Multinationals sometimes invest in developing countries, although their investment does not always reduce the poverty there. Irresponsible investment and employment practices can contribute to poverty and economic insecurity. I should not have to remind the House of all the campaigns that have gone on over the years against multinationals because of their activities in developing countries. The problem is that they are still not subject to regulation on an international scale.

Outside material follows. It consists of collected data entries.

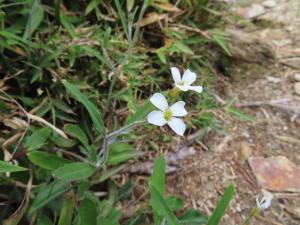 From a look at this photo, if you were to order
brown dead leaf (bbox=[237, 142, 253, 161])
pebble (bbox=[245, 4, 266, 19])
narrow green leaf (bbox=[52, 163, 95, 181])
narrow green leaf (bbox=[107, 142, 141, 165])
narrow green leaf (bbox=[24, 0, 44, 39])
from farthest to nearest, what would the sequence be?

The OECD guidelines are good, worthy and beautiful, but there is nothing to make the multinationals adhere to them. I have recently been made aware of an organisation called the UK National Contact Point for the OECD Guidelines for Multinational Enterprises. It is an organisation to which people can complain if they think that a multinational is behaving badly somewhere in the world. I understand, however, that no submissions have been made to it so far.

We need those OECD guidelines to be legally binding, please. Then multinationals could not compete with one another for bad practice, but they would have to compete for good. I feel quite optimistic about that matter, as companies have taken on board a lot of the messages from the demonstrations and all the fuss that the NGOs have made about their activities and world trade.

Many multinationals are thinking about all that or are at least publishing glossy brochures that show the wonderful things that they are doing in the countries where they operate. That is a great leap forward. Companies such as Rio Tinto are much better and are taking that agenda on, but the guidelines must be legally binding. That is the only way to achieve corporate social responsibility in the long run.

The House has been very indulgent. I have touched on only a few issues, and there are many others that I could mention. The report tells us many things, but it does not provide a genuine feeling as to whether the millennium goals will be achieved. I guess that we could not hope for that. I still fear that HIV/AIDS and continuing civil wars will prevent the world from making great progress in the next 20 years, although I hope that I am wrong. I am particularly worried about the consequences of HIV.

Nevertheless, I congratulate the Department on the work that it does. Its civil servants must surely be the most dedicated and successful at Westminster. I am also pleased by the extraordinary number of Members in the Chamber. It is a credit to the Department, the Secretary of State and the Minister that so many are here. At first, I wondered whether Members were avoiding the local elections, but perhaps I am being too cruel. I congratulate Members very much on their attendance, as it shows how seriously the issue is being taken and how extremely important it is.

3.32 pm
Mr. Tony Colman (Putney)

I apologise to the House, as I am unable to be present for the winding-up speeches. I must attend a constituency event to which I had agreed before the debate was timetabled.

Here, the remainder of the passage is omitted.